[Collected data]
----------------------------------------

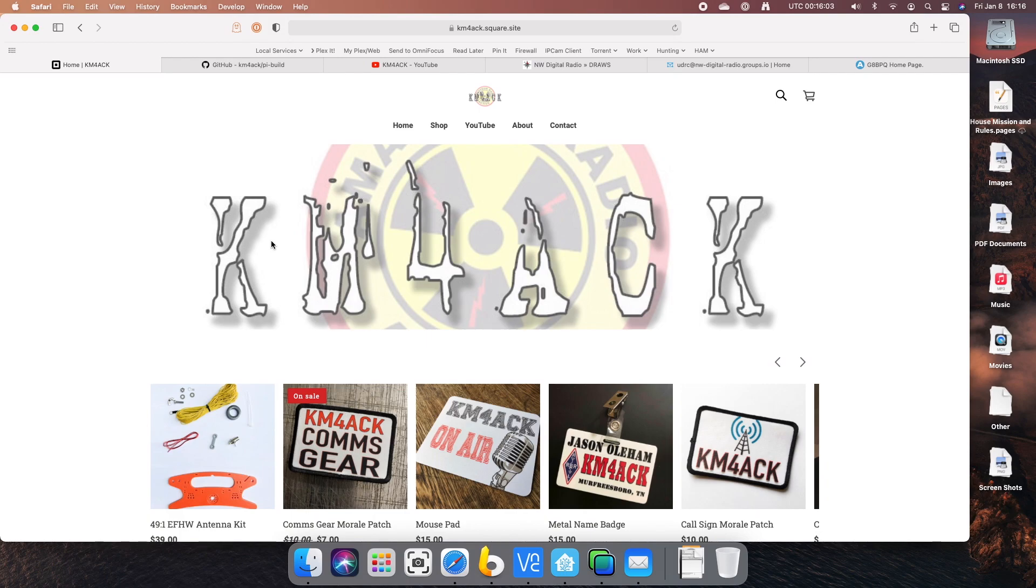Good day amateurs, welcome back. My name is Jim, Victor Alpha 7 Sierra Hotel Golf. I live in Chilliwack.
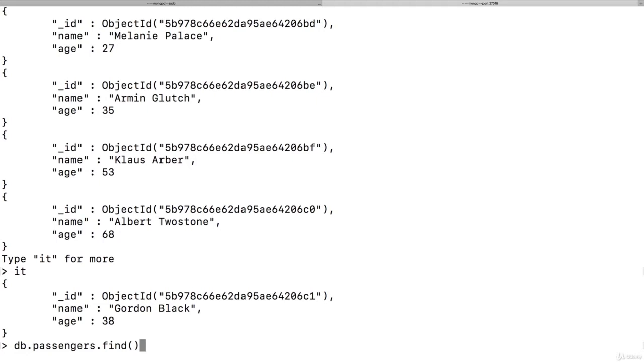Previously, it looked like it always gives us back all the data, but actually it gives us a so-called cursor object. Now what is that?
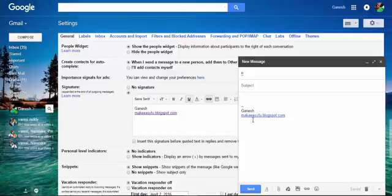When you are sending a message, along with the mail your signature will also be sent to the particular receiver.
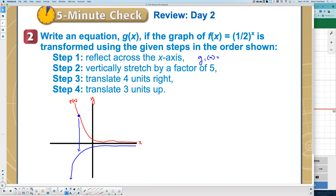Let's talk about the equation — I'll call that g₁. If it's reflecting downward, that's a vertical transformation. According to HIVO, vertical is outside. And what makes something reflect? A negative. You need to make the equation negative on the outside. So the first equation would look like: negative (1/2)^x.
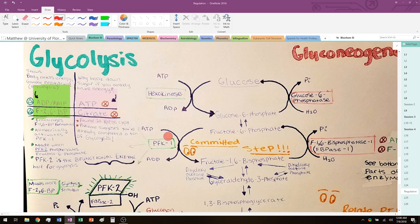Citrate is a super downstream product that tells PFK1 to relax — those are the two inhibitory molecules of PFK1: ATP and citrate.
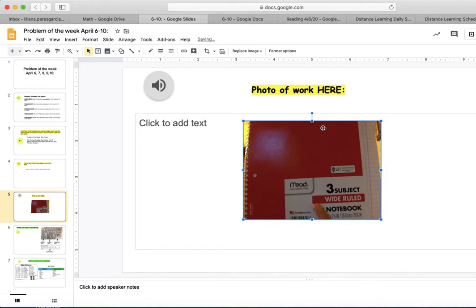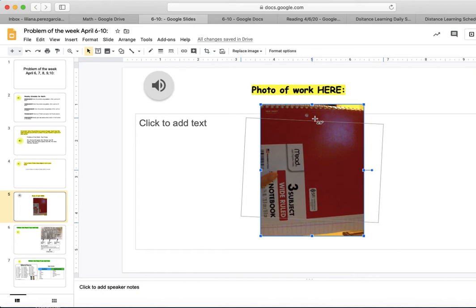Your picture is now inside of the Google Slides. If your picture is upside down or sideways, you can turn it and rotate it using this blue circle. And your work is now in your Google Slides and it is ready to be turned in.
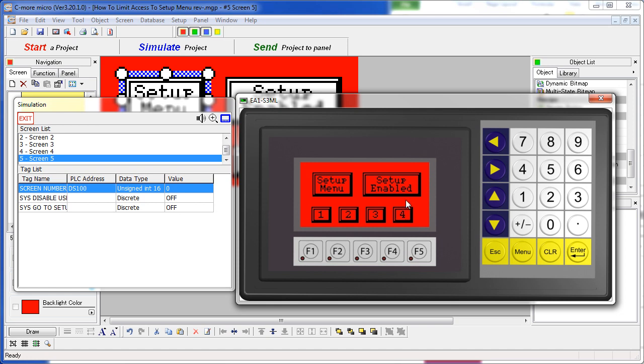We go to that screen where we can enable or disable access to the F1, F5 setup menu.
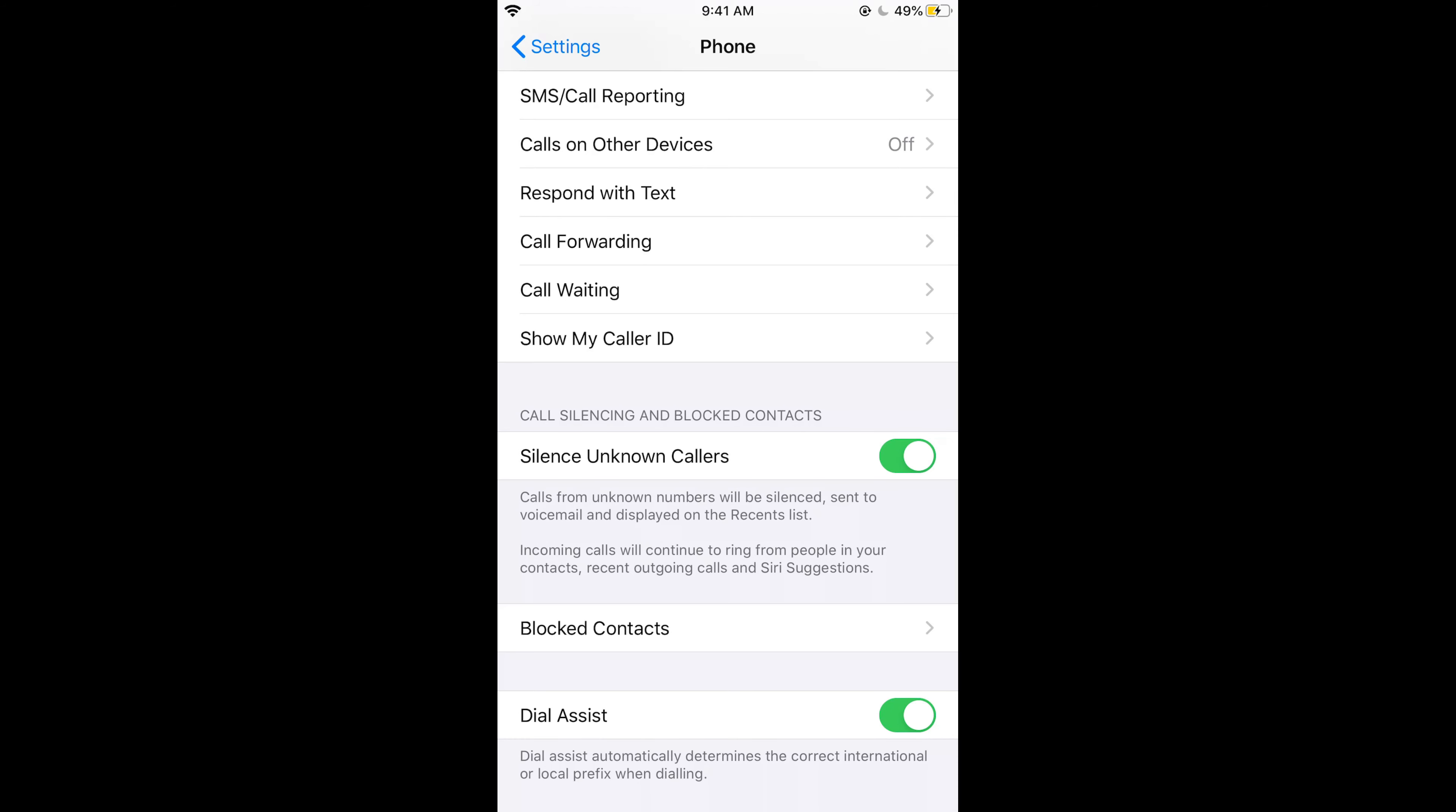Calls from unknown numbers will be silenced, sent to voicemail and displayed on the recent list. This is pretty much similar to what I have already done. Hope it has helped you in blocking the private numbers on the iPhone.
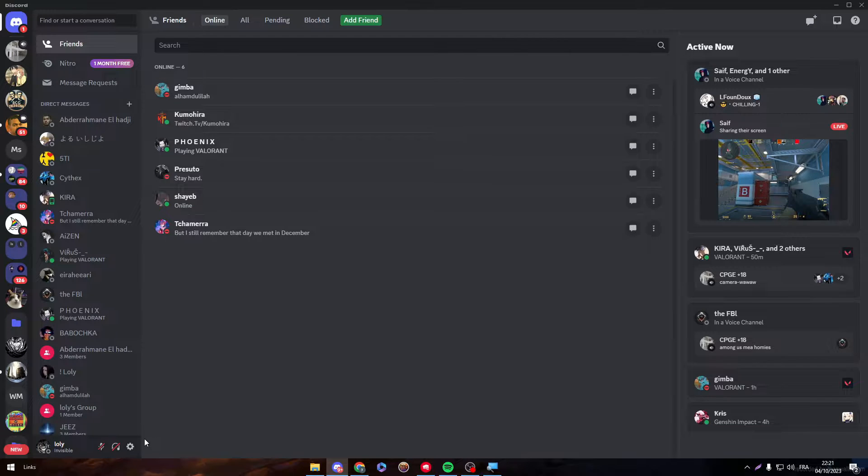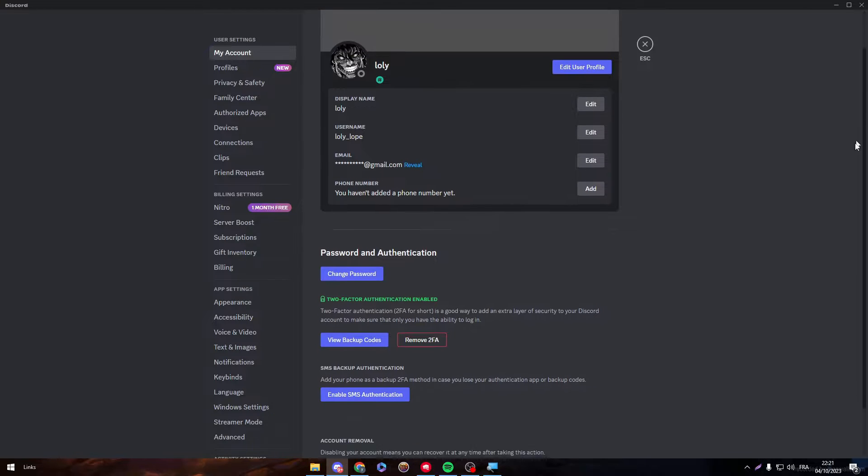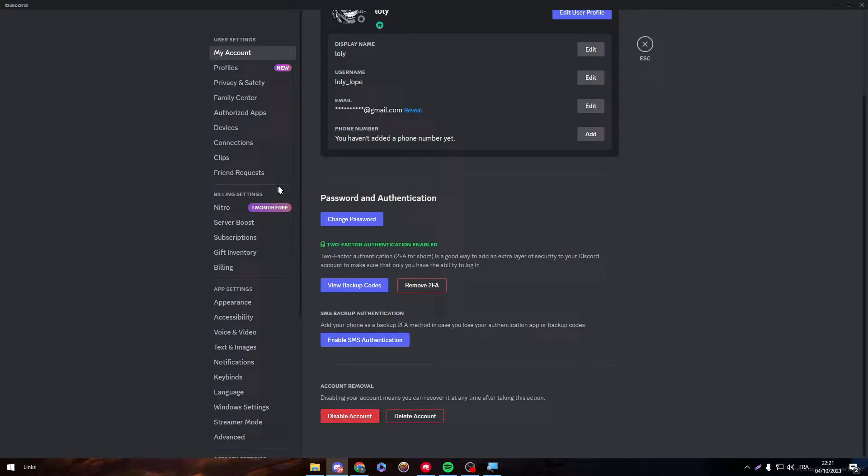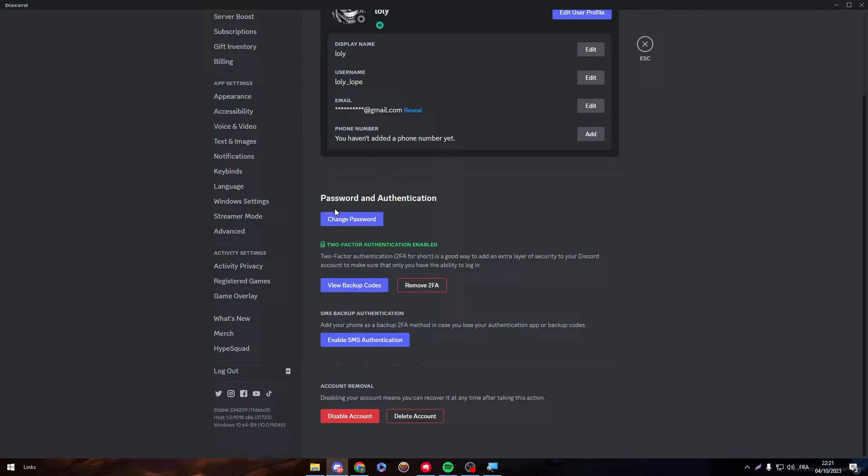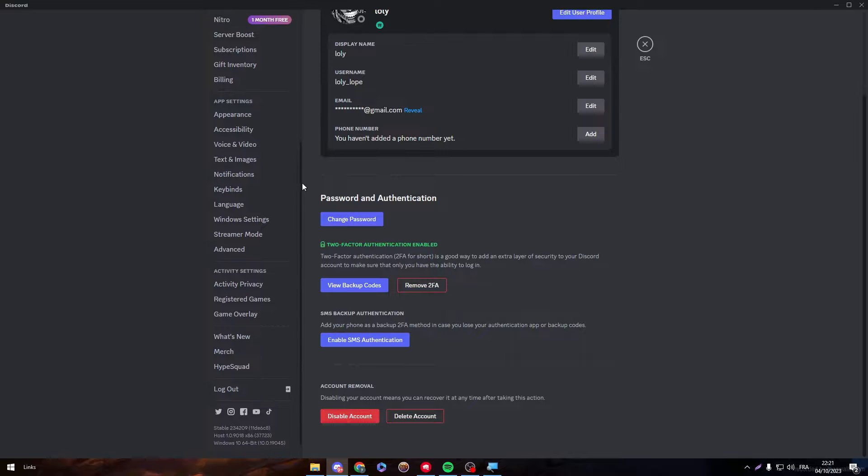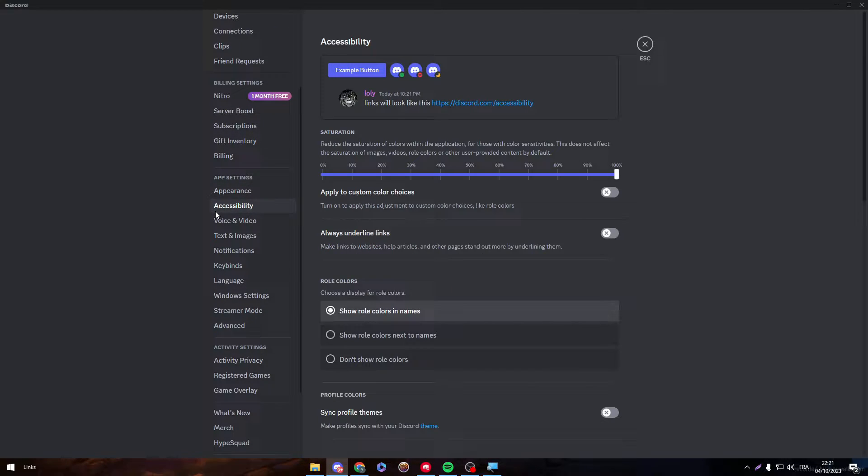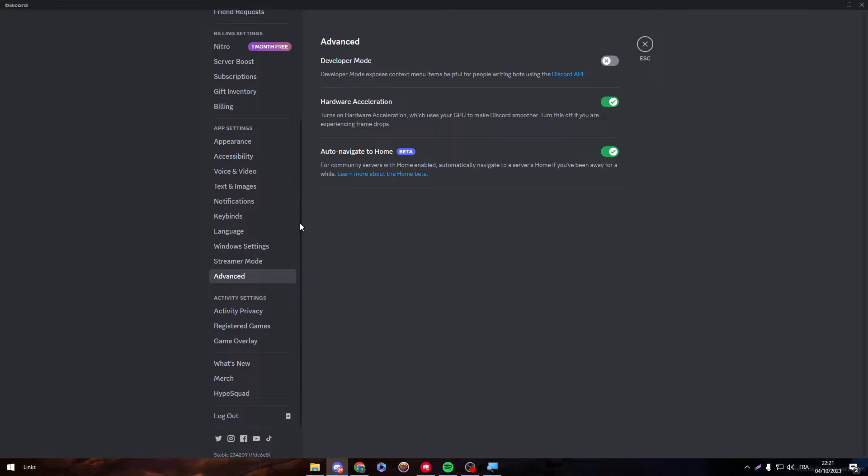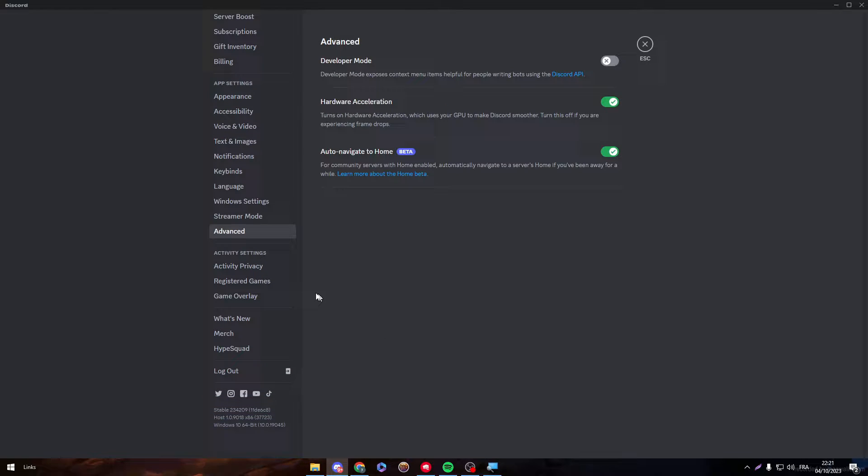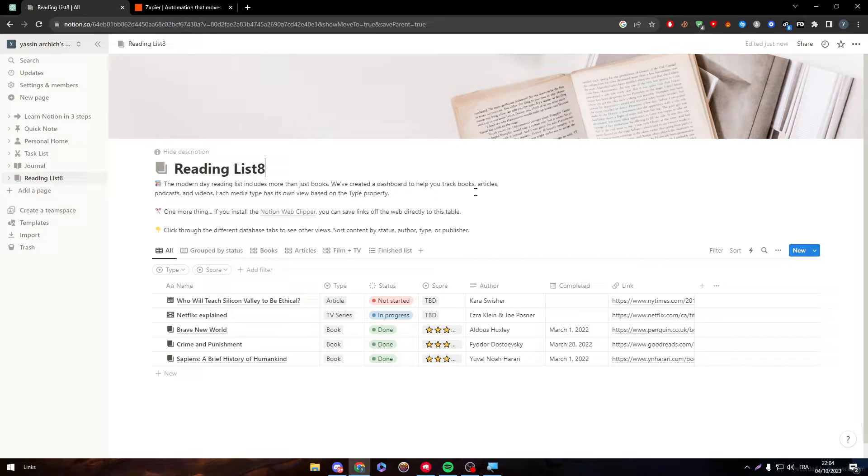So here guys, if I managed somehow to actually go to my Discord and go through here, go through apps, go through anything that we might find here, there is nothing that actually gives us an idea on how to integrate any app with Discord. For example, accessibility, there is nothing that explains it that much. In advanced, there is nothing in general. So how can we really integrate Discord with any other application?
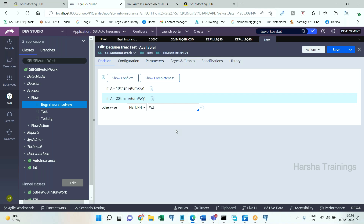If the decision tree returns Operator 1, the work item will be routed to the work list of Operator 1. If it returns Work Queue 1, it will be routed to the work basket. This is called conditional routing — either to a work list or a work basket.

----------------------------------------

Exercise directions → Restate the records above word for word, without the pictures.

Solution to this exercise →
Good day amateurs, welcome back. My name is Jim, Victor Alpha 7 Sierra Hotel Golf. I live in Chilliwack.
Previously, it looked like it always gives us back all the data, but actually it gives us a so-called cursor object. Now what is that?
When you are sending a message, along with the mail your signature will also be sent to the particular receiver.
Let's talk about the equation — I'll call that g₁. If it's reflecting downward, that's a vertical transformation. According to HIVO, vertical is outside. And what makes something reflect? A negative. You need to make the equation negative on the outside. So the first equation would look like: negative (1/2)^x.
Citrate is a super downstream product that tells PFK1 to relax — those are the two inhibitory molecules of PFK1: ATP and citrate.
Your picture is now inside of the Google Slides. If your picture is upside down or sideways, you can turn it and rotate it using this blue circle. And your work is now in your Google Slides and it is ready to be turned in.
We go to that screen where we can enable or disable access to the F1, F5 setup menu.
Calls from unknown numbers will be silenced, sent to voicemail and displayed on the recent list. This is pretty much similar to what I have already done. Hope it has helped you in blocking the private numbers on the iPhone.
So here guys, if I managed somehow to actually go to my Discord and go through here, go through apps, go through anything that we might find here, there is nothing that actually gives us an idea on how to integrate any app with Discord. For example, accessibility, there is nothing that explains it that much. In advanced, there is nothing in general. So how can we really integrate Discord with any other application?
If the decision tree returns Operator 1, the work item will be routed to the work list of Operator 1. If it returns Work Queue 1, it will be routed to the work basket. This is called conditional routing — either to a work list or a work basket.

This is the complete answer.